The win is even sweeter.

“With my English professor hat on, I’m really proud of AO3 from a literary point of view—as a grassroots community of readers and writers,” she says.

Coppa, shown with author Neil Gaiman during Muhlenberg's 2015 Living Writers program, is also the new director of the College’s women’s and gender studies program and a media studies scholar. Wearing those hats, she says, “I’m proud that, as a piece of software, AO3’s a feminist work. When we designed and built the platform it was 95 percent done by women. It’s a female-dominated, open-source coding project with a women-led development team, which was and may still be unprecedented."

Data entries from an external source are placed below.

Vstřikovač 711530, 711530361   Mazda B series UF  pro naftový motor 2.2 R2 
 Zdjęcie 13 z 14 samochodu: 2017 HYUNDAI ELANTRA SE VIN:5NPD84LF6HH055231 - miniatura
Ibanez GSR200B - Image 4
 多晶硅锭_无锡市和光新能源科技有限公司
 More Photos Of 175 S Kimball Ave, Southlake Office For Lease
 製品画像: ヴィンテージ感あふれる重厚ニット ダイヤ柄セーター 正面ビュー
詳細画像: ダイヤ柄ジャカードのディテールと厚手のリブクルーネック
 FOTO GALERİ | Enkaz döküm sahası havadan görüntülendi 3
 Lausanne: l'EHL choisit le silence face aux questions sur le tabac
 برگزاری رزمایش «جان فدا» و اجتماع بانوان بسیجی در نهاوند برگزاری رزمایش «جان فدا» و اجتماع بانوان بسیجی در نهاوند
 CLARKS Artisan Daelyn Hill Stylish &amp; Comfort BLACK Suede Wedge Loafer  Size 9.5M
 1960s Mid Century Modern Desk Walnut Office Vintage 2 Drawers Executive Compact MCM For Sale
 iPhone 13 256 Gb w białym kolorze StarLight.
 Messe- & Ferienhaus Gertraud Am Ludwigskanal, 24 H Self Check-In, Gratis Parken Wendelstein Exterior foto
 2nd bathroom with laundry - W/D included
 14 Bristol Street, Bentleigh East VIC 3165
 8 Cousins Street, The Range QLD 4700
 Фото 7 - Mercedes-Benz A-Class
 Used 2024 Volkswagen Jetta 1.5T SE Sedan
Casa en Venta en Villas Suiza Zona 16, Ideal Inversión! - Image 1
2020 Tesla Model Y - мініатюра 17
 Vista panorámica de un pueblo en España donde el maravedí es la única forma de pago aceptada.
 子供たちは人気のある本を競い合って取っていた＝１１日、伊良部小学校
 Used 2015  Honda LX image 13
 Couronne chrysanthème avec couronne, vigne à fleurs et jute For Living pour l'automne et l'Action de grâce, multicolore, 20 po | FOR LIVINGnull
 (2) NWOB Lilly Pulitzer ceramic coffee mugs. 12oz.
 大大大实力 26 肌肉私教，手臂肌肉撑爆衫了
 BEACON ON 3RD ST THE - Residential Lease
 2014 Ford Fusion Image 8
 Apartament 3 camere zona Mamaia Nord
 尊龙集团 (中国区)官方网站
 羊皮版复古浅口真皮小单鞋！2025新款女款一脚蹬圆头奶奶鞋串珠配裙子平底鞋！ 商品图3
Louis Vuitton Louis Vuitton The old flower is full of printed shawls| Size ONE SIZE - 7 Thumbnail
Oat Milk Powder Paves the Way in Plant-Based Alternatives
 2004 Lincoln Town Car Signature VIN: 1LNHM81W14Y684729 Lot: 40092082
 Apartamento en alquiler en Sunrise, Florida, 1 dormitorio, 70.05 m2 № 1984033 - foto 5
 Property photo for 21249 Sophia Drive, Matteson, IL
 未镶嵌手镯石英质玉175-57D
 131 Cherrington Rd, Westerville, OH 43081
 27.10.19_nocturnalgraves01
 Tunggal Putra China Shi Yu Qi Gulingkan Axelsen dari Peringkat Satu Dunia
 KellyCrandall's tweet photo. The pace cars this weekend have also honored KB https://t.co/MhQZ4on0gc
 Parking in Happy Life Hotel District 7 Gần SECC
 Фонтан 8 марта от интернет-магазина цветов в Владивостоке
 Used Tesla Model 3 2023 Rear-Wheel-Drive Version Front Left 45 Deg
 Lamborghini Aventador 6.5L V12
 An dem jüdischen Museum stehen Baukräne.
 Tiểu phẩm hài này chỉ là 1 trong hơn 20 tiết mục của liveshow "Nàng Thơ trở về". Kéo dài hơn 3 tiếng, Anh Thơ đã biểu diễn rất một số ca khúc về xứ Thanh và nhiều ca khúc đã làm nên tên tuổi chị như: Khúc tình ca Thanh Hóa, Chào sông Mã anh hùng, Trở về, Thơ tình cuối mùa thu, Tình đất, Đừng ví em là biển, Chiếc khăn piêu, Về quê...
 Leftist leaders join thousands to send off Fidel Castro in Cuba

"We also chose to build the archive with humanity-based values and feminist HCI (human computer interaction)," she adds. "There is no data mining, no sticky features to either addict you or exploit you by using your data. We don't do any of the things which make for-profit social media sites so toxic.”

The coders began work in 2007 and the site opened 10 years ago, in 2009. It was named one of the 50 Best Websites by Time in 2013.

A donation-funded site, AO3 has also been lauded for its site architecture because it uses its community of fans to help organize the content. A recent piece in Wired says AO3 has “perfected a system of tagging that the rest of the web could emulate” using “tag wranglers” to merge tech with humanity.

“There’s a lot of effort in just keeping AO3 up and running and it’s all volunteer labor,” says Coppa.  “The coders worked and still work for free—it represents millions of dollars of free coding—as do the sysadmins, the tag wranglers, the abuse team and the volunteers who answer users’ questions. It works because there are so many of us. We’re really what the web was originally meant to be.”

The site is also increasingly global in scope with fans posting content in at least 50 languages. As some countries, like China, are increasingly restricting free speech, Coppa says they are seeing a corresponding explosion in the number of volunteers helping translate fanworks into Mandarin.

Coppa adds, “The Hugo was for all of it—because it's a participatory artists’ community but also because it’s a fan-built social network and a female-designed and -led community software project.”

Nothing said this more powerfully than when one of AO3’s founders Naomi Novik, accepting the Hugo Award, invited anyone in the audience who was part of the AO3 community to stand and accept the award with them. Meredith Rose on Public Knowledge wrote, “In response, a full third of the room of professional authors, editors, artists, journalists, commenters and publishers stood. It was a watershed moment that upended the outdated image of readers and consumers as passive recipients.”